## Record excerpts

++++++++++

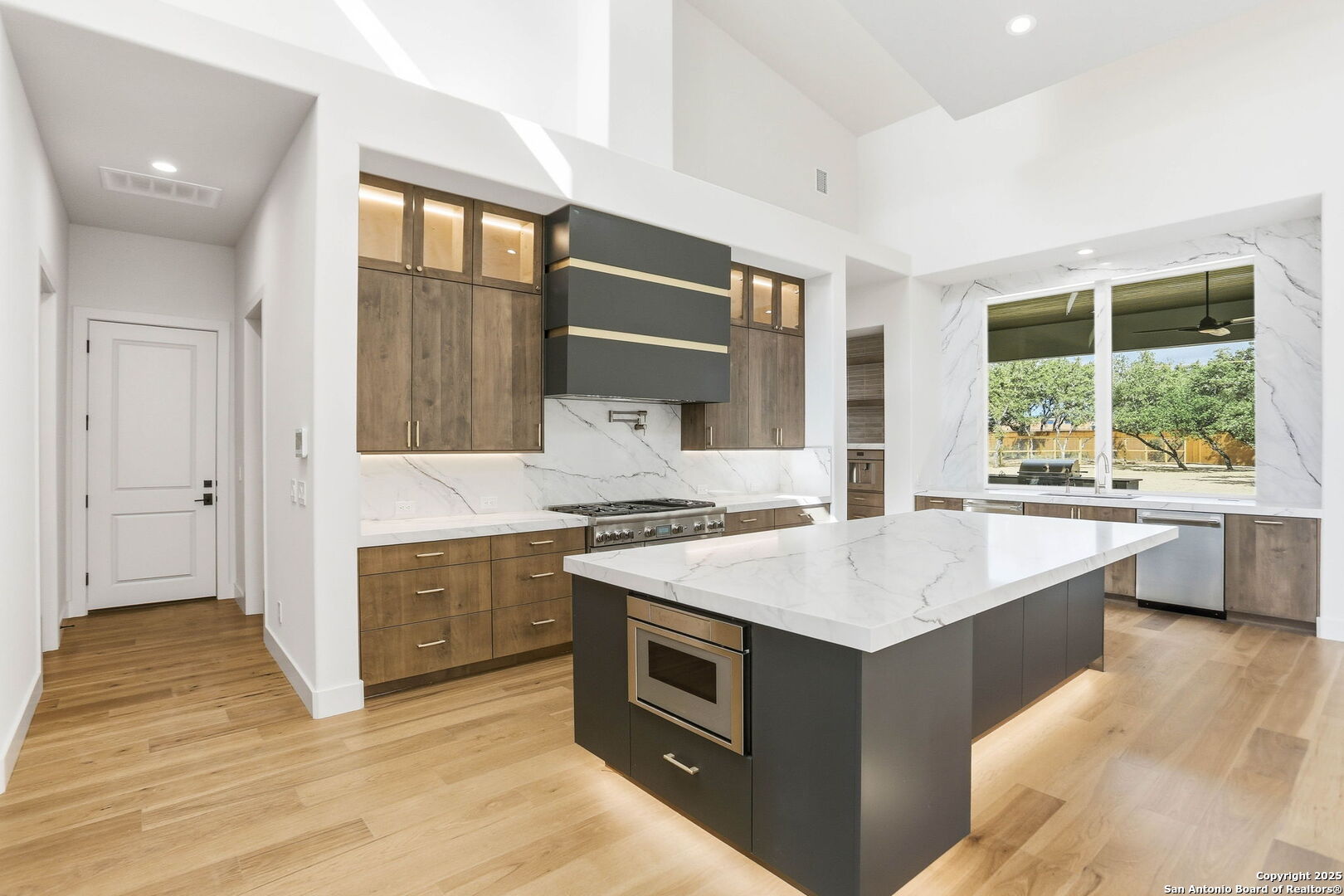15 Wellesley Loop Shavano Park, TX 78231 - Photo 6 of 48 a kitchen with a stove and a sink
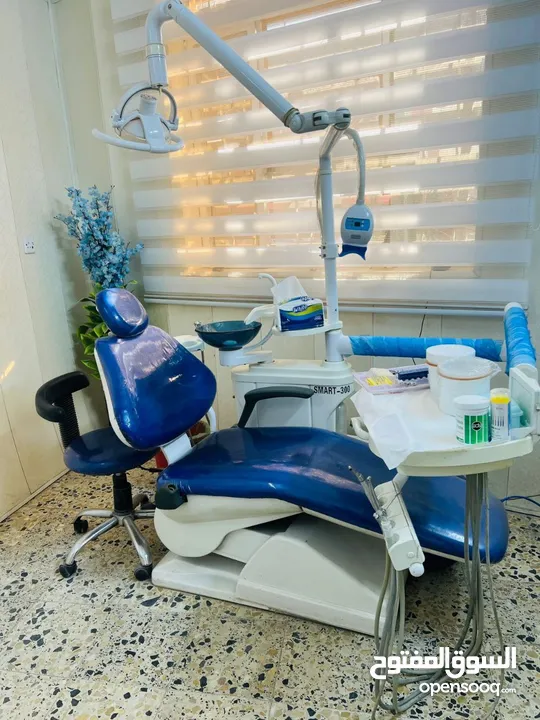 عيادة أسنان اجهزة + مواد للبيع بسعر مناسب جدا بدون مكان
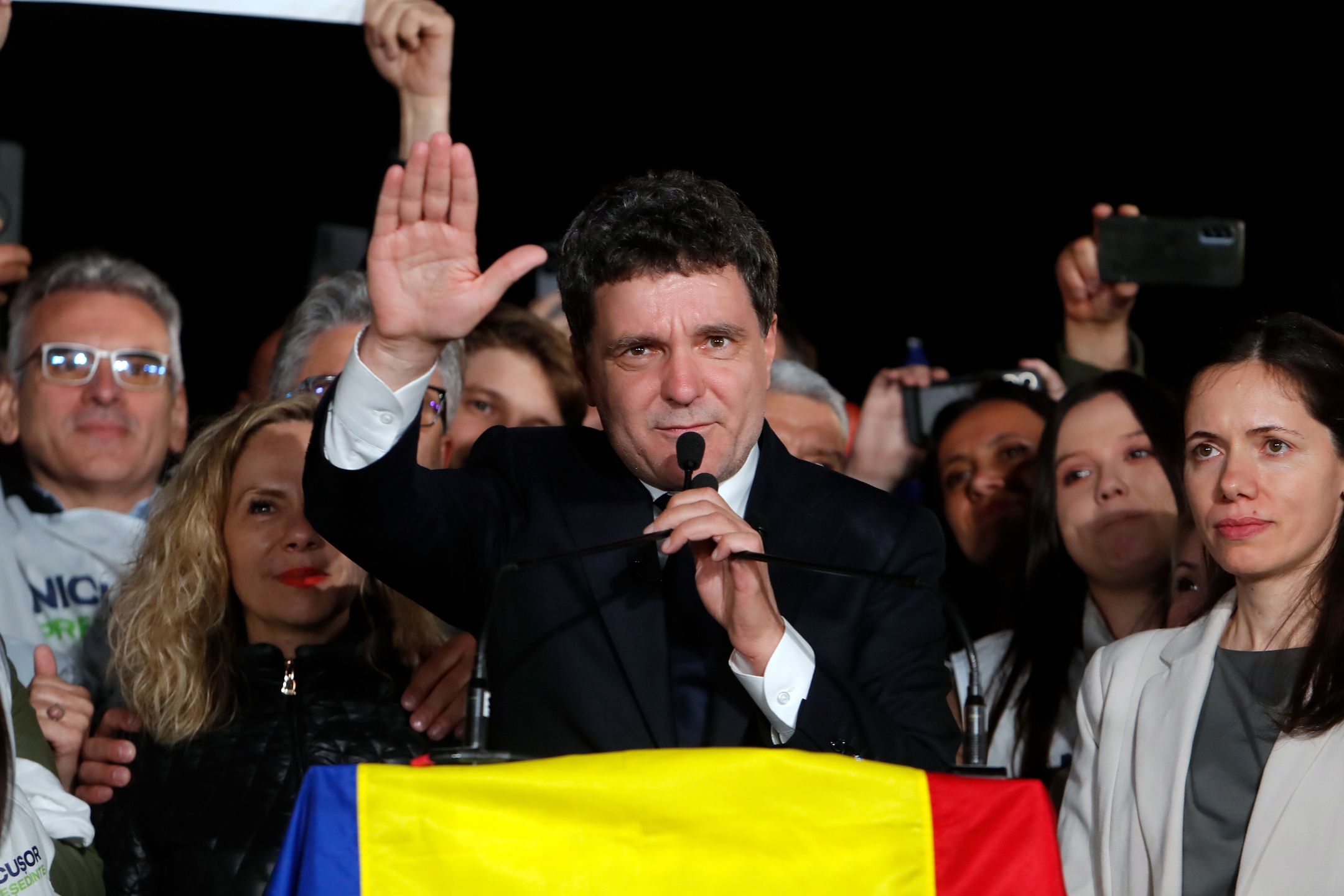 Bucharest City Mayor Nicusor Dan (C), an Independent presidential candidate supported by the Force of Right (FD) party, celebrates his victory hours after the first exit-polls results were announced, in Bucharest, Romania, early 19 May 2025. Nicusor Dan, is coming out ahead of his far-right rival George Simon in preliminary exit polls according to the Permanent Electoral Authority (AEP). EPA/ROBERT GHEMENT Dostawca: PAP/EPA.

++++++++++

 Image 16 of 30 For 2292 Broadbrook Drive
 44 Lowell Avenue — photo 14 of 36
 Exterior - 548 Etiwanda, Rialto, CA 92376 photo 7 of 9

++++++++++

## Assignment
An exact transcription is needed of the lines from the one with "عيادة أسنان اجهزة" to the one with "Bucharest City Mayor" above, both ends included, with pictures left out.

## Response
 عيادة أسنان اجهزة + مواد للبيع بسعر مناسب جدا بدون مكان
 Bucharest City Mayor Nicusor Dan (C), an Independent presidential candidate supported by the Force of Right (FD) party, celebrates his victory hours after the first exit-polls results were announced, in Bucharest, Romania, early 19 May 2025. Nicusor Dan, is coming out ahead of his far-right rival George Simon in preliminary exit polls according to the Permanent Electoral Authority (AEP). EPA/ROBERT GHEMENT Dostawca: PAP/EPA.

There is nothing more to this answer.